Work, Gratitude and ‘the Good Immigrant’: Rereading Andrea Levy’s Every Light in the House Burnin’ (1994) and Never Far From Nowhere (1996) after the Windrush Scandal
Keywords:
Andrea Levy, the good immigrant, Windrush Scandal, work, educationAbstract
In Levy’s early novels, first generation immigrants attempt to secure their status as good citizens through employment; work is a means of integration, respectability, and a badge of self-sufficiency, while education is a route to class mobility for their children. Written more than twenty years before the Windrush scandal broke, these works foreshadow the British State’s betrayal of the Windrush generation and are sceptical of the promise that respectable work leads to acceptance and equality in British society. Levy interrogates the figure of ‘the good immigrant’ and exposes the precarity of her Windrush generation protagonists. Where older characters keep their heads down, their British-born children – following Sara Ahmed’s analysis of happiness as a principle ‘used to justify oppression’ – assert their right to be ungrateful and unhappy, just like anyone else.

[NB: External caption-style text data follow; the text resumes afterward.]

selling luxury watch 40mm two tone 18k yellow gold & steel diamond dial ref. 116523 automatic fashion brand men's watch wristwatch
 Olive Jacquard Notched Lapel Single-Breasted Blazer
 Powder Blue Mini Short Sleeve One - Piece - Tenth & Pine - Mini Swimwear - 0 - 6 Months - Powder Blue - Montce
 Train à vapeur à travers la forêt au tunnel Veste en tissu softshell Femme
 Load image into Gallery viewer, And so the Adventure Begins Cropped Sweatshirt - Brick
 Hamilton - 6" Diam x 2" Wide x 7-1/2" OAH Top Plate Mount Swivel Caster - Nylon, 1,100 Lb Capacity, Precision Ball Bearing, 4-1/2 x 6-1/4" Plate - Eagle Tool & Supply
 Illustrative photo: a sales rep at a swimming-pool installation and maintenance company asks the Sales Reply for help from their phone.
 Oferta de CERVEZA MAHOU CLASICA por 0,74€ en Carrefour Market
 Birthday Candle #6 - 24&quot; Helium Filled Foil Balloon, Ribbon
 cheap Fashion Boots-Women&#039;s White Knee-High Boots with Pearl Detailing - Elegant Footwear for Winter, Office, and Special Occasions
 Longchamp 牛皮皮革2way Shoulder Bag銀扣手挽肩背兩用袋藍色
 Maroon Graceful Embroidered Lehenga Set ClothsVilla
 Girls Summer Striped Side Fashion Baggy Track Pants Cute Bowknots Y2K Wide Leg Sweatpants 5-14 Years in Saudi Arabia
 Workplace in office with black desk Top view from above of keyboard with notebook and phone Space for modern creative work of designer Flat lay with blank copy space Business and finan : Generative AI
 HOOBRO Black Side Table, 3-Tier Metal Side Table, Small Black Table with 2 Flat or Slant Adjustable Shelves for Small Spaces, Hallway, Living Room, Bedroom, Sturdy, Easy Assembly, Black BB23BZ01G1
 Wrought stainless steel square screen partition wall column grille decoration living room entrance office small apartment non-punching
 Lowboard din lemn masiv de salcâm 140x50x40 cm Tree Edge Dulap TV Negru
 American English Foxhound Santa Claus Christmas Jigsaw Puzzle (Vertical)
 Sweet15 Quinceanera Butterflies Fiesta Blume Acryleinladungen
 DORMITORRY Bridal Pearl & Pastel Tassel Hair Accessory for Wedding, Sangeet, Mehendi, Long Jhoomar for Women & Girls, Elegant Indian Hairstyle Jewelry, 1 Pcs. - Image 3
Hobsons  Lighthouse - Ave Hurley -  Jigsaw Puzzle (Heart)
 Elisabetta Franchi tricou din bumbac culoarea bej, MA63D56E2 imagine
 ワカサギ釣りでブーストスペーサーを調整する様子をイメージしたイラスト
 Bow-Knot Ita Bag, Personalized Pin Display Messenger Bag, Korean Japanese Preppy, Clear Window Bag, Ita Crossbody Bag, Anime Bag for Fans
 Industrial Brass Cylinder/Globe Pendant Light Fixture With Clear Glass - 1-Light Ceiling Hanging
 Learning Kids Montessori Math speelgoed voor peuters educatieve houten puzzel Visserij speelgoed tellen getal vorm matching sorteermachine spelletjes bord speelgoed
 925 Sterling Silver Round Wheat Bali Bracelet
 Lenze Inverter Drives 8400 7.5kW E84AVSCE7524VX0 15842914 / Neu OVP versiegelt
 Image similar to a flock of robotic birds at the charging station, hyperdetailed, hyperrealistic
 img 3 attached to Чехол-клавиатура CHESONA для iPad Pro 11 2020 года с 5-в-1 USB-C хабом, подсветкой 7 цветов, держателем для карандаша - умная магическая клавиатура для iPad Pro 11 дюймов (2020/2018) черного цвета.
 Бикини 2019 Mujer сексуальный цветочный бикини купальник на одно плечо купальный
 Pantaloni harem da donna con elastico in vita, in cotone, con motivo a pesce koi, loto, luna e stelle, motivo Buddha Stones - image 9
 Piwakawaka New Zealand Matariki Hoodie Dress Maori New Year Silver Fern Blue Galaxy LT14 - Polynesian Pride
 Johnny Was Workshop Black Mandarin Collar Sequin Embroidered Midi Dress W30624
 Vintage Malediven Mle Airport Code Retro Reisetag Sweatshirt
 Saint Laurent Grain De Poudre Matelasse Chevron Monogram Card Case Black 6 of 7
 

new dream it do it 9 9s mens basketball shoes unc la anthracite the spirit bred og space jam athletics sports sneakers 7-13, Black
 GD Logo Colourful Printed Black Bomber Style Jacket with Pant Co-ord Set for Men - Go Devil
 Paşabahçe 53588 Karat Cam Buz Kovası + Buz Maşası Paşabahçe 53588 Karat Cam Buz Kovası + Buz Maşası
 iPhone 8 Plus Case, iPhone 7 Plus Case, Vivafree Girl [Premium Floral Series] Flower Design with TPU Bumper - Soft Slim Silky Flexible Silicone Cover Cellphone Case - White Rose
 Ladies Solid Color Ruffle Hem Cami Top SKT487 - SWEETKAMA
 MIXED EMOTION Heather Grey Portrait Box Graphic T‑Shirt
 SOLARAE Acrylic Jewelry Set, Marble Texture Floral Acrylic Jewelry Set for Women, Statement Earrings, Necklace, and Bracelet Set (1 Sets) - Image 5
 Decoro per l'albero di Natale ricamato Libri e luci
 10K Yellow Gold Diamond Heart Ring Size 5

Returning to these works in the light of the Windrush scandal, I examine Levy’s early preoccupation with the same anxieties around the figure of the needy, unworthy immigrant she later raises in ‘Loose Change’. I focus specifically on the role of work and education in the immigrant experience and argue that Levy’s early 1990s works speak directly to urgent questions, highlighted by the Windrush scandal, around national identity and belonging.